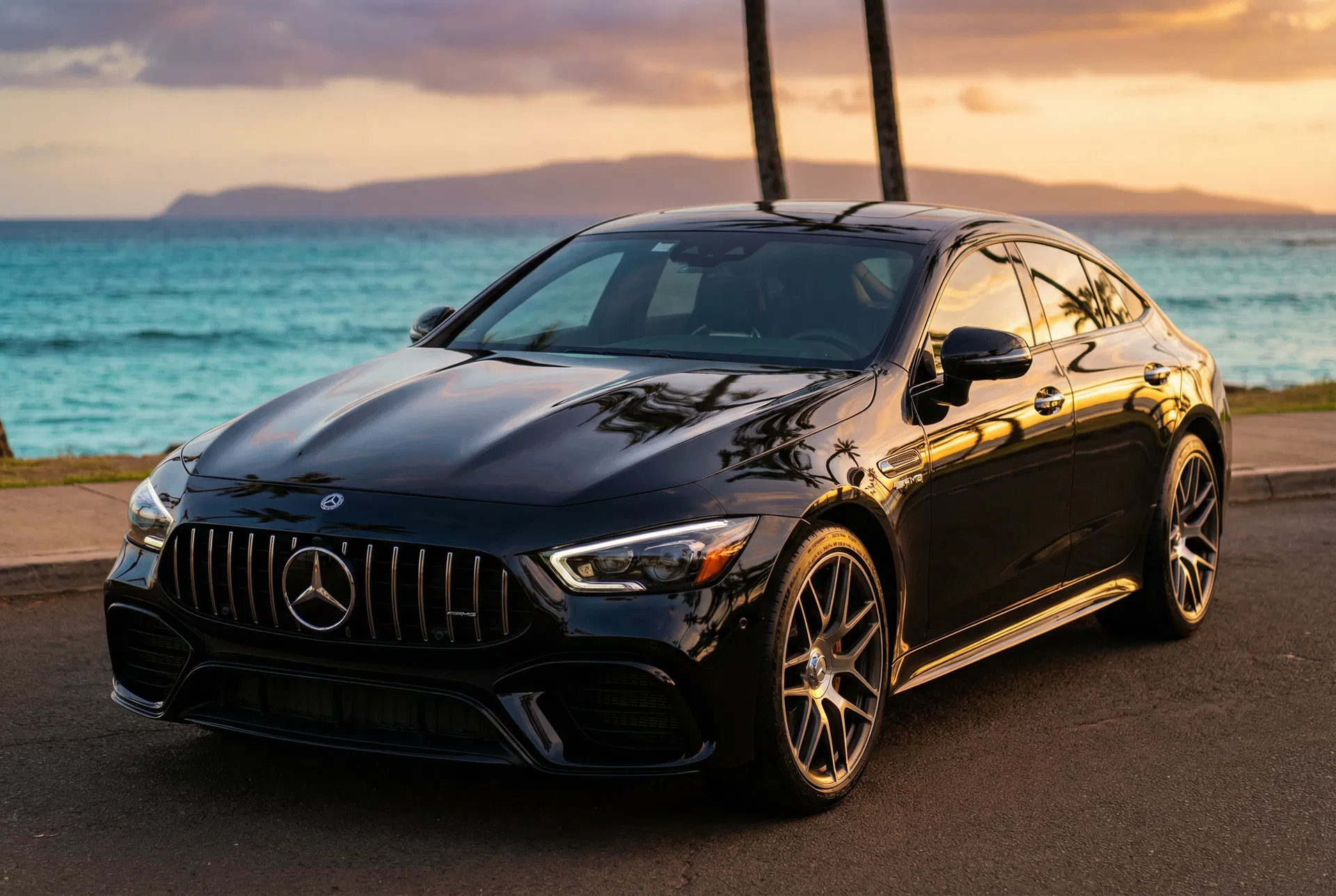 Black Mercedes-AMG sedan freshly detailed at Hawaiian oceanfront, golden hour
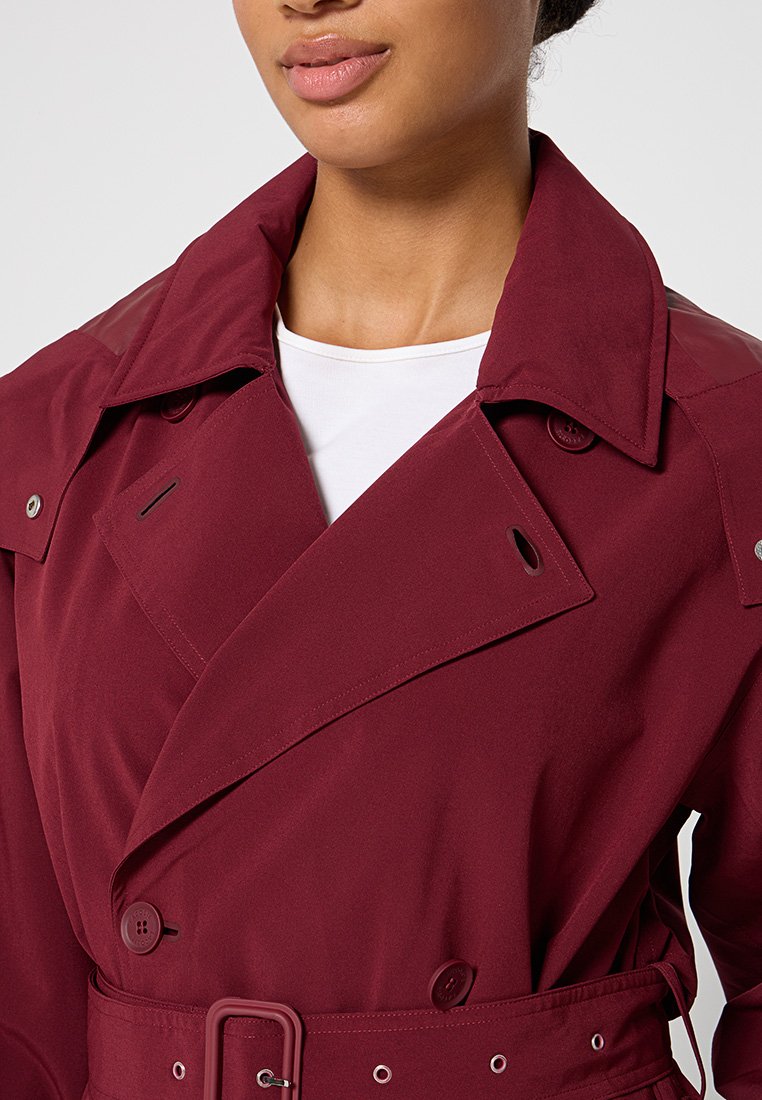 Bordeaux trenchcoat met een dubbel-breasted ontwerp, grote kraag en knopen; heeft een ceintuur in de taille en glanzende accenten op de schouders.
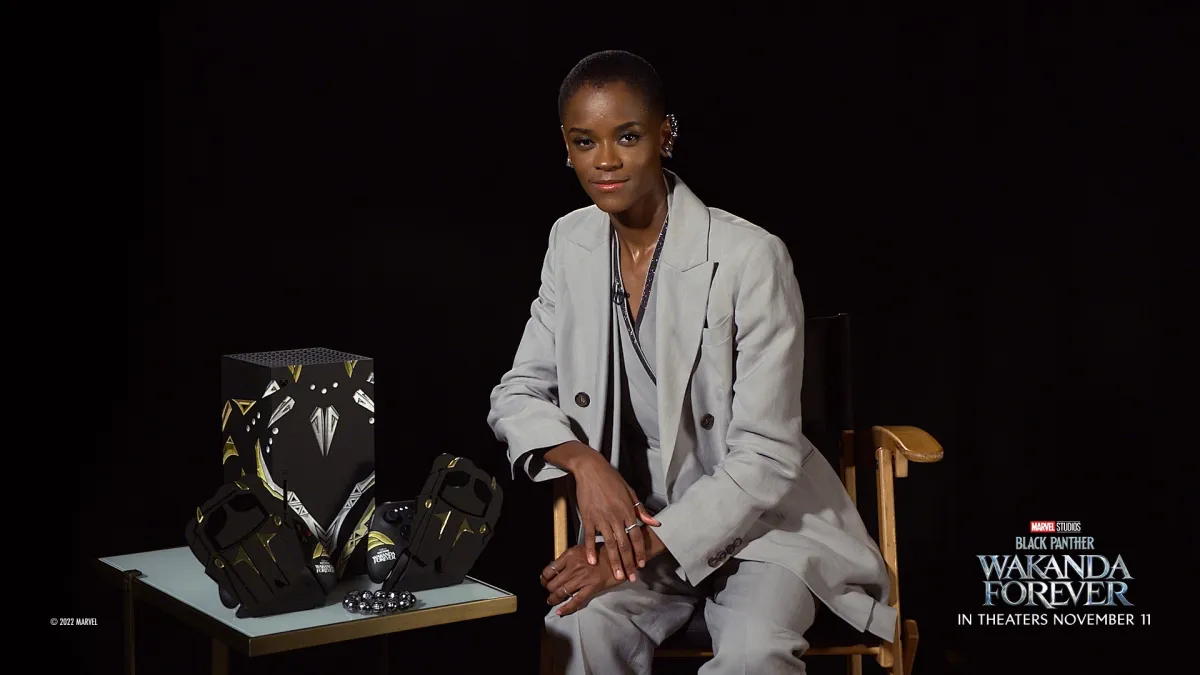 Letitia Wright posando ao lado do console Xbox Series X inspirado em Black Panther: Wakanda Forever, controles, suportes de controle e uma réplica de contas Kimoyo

---

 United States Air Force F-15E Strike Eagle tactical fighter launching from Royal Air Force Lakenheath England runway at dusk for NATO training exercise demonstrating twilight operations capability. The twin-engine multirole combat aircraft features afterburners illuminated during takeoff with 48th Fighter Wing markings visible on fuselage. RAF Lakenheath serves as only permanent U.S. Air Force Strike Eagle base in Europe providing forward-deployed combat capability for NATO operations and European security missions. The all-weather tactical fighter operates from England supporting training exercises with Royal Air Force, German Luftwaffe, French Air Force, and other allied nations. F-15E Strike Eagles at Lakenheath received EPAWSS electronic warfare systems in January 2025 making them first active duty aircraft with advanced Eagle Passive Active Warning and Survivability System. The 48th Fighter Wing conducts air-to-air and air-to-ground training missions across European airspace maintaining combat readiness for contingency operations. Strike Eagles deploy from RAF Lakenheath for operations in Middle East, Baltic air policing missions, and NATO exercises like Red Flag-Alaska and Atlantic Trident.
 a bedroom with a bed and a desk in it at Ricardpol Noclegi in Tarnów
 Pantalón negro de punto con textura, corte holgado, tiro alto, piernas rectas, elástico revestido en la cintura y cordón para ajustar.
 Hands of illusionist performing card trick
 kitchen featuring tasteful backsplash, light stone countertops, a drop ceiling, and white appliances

EXERCISE AIM: Write out word for word the lines of the listing above from the line with "Black Mercedes-AMG sedan" to the line with "Bordeaux trenchcoat met", taking in both of those lines but no pictures.

WRITTEN SOLUTION:
 Black Mercedes-AMG sedan freshly detailed at Hawaiian oceanfront, golden hour
 Bordeaux trenchcoat met een dubbel-breasted ontwerp, grote kraag en knopen; heeft een ceintuur in de taille en glanzende accenten op de schouders.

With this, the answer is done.